Regulating the Heart Rate of Human–Electric Hybrid Vehicle Riders Under Energy Consumption Constraints Using an Optimal Control Approach

Abstract

Electric bicycles are an emerging means of transportation. Especially people with physical limitations benefit from the added motor power to propel the bicycle. Conventional motor assistance strategies pose limits on the usability of these bicycles: they lack the flexibility to adapt to the individual physiological constitution of cyclists and do not properly manage the assist power over an entire trip. In this paper, we present a novel energy management system for human-electric hybrid vehicles that: 1) uses an optimal control approach to regulate the heart rate of the cyclist and 2) incorporates trip information to manage the motor assistance.
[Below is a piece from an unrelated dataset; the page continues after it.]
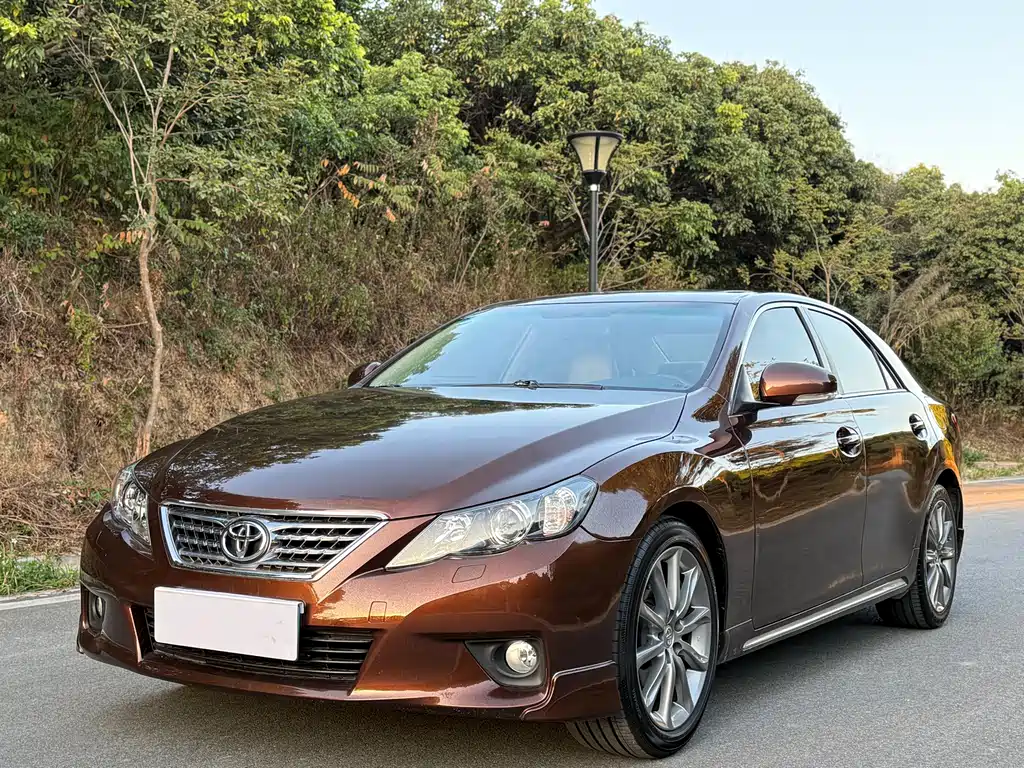 Toyota Reiz 2012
The system consists of a control stage and a planning stage. In the control stage, a model predictive controller regulates the heart rate by changing the motor power and gear ratio to maintain a user-defined exertion while considering constraints. The planning stage processes a priori information about the user and the route to estimate the power demand during different sections of the trip and to calculate the optimal motor power for each section. Motor power constraints for each section are then formulated to limit the energy consumption and to save energy for those sections when motor power is most needed. We present simulation results to demonstrate that: 1) the combined control of motor power and transmission ratio is superior to using each control variable separately and 2) including a trip information helps to manage the energy consumption over the entire trip to decrease the risk of running out of energy. This system can help people with limited physical capabilities to safely engage in physical activity.